Before writing anything, find the line that contains "सोनीपत: विकास नगर, ककरोई", then retype the entries below exactly from their first line through that one, without pictures.

**DATA PROVIDED**
────────────────────────────────────────

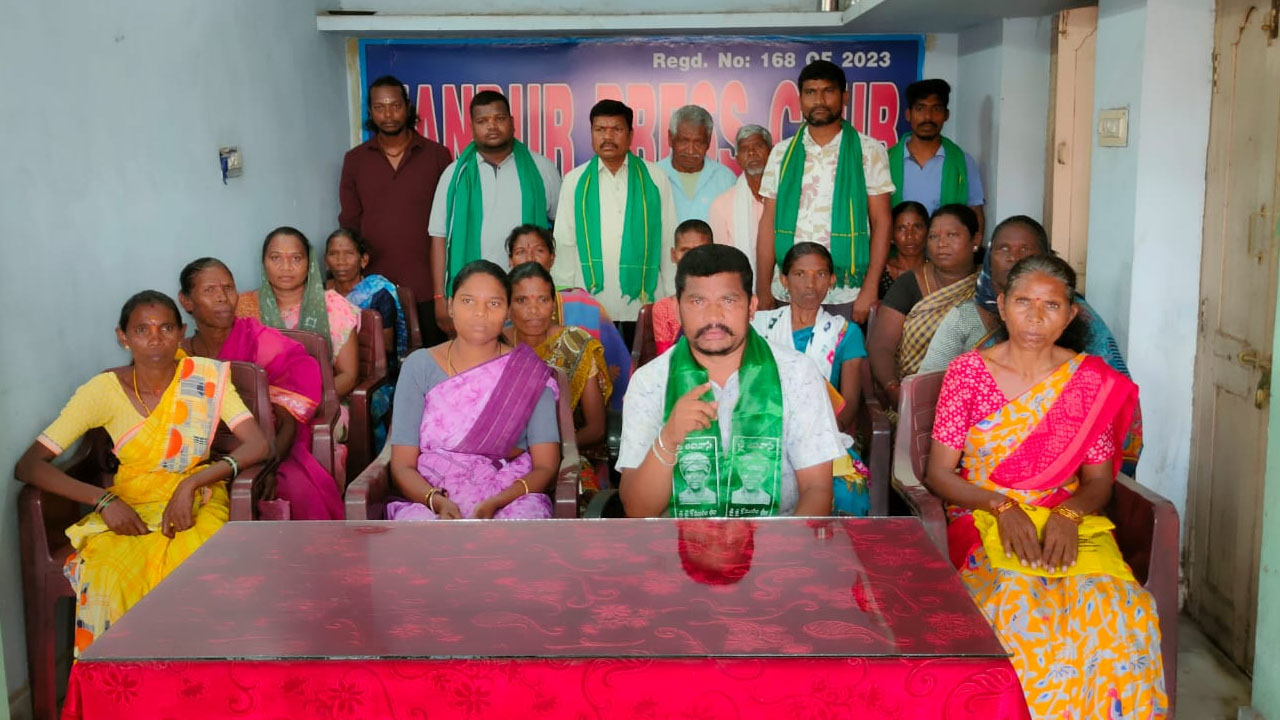 Apologize | ఆదివాసీ మహిళలను అవమానపరిచిన తహసీల్దార్‌ క్షమాపణలు చెప్పాలి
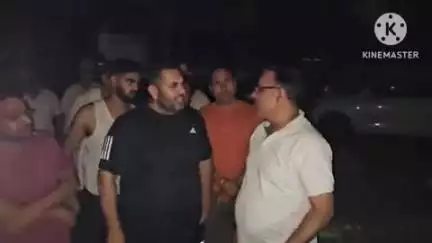 सोनीपत: विकास नगर, ककरोई रोड पर बिजली आपूर्ति बंद होने की सूचना मिलने पर विधायक निखिल मदान पहुंचे मौके पर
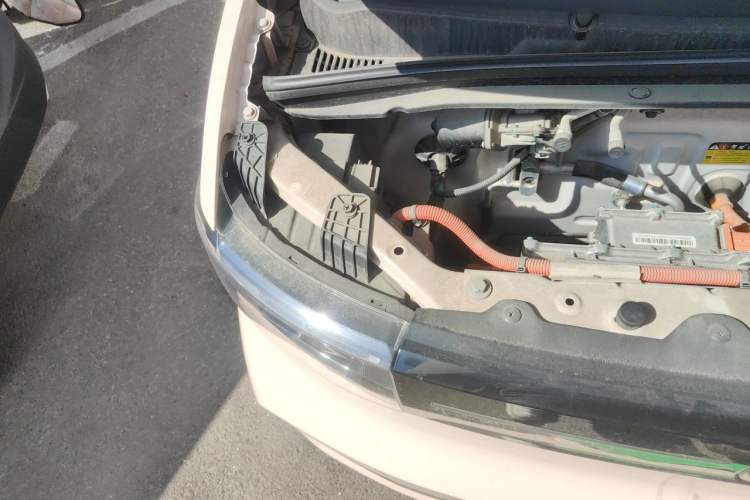 Used Wuling Hongguang MINIEV 2022 Macaron Premium Model – Lithium Iron Phosphate Engine Bay Right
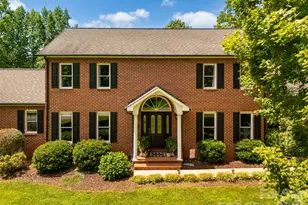 1413 Windemere Ln, Hickory, NC 28602 - Photo 2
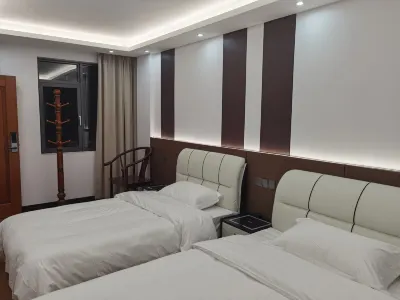 Shiping Qinyaju Homestay Hotels near Shiping Ancient City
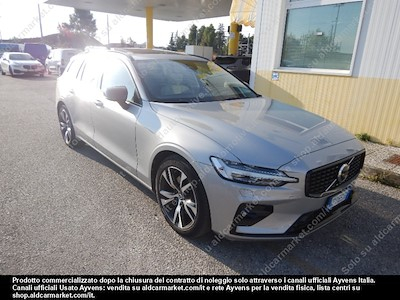 Kaufe VOLVO VOLVO V60 B3 AUTOM. PLUS DARK FP bei Ayvens Carmarket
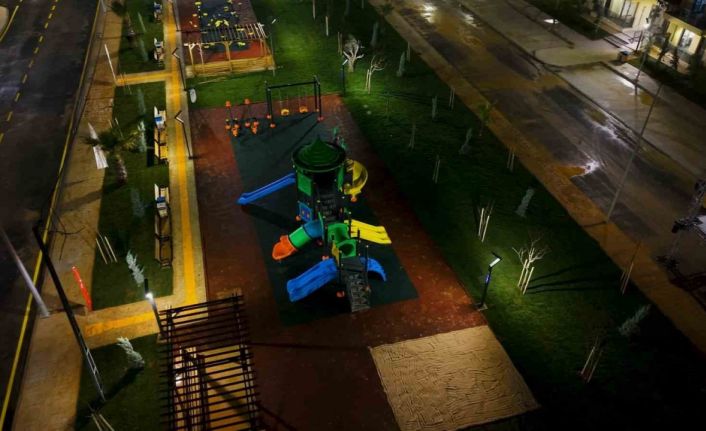 Bakan Kurum: "Küllerinden doğan Hatay’ımız yine ışıl ışıl"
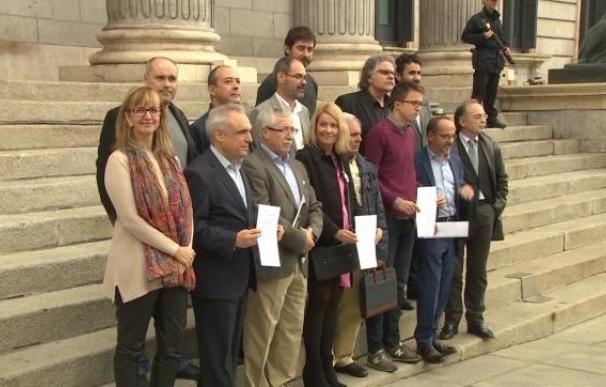 PSOE y Podemos critican el veto del Gobierno a la ley de subida de pensiones y Ciudadanos les aconseja rehacerla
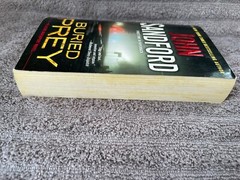 A Prey Novel Ser.: Buried Prey by John Sandford (2012, Trade Paperback)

────────────────────────────────────────

**REPLY TO THE EXERCISE**
 Apologize | ఆదివాసీ మహిళలను అవమానపరిచిన తహసీల్దార్‌ క్షమాపణలు చెప్పాలి
 सोनीपत: विकास नगर, ककरोई रोड पर बिजली आपूर्ति बंद होने की सूचना मिलने पर विधायक निखिल मदान पहुंचे मौके पर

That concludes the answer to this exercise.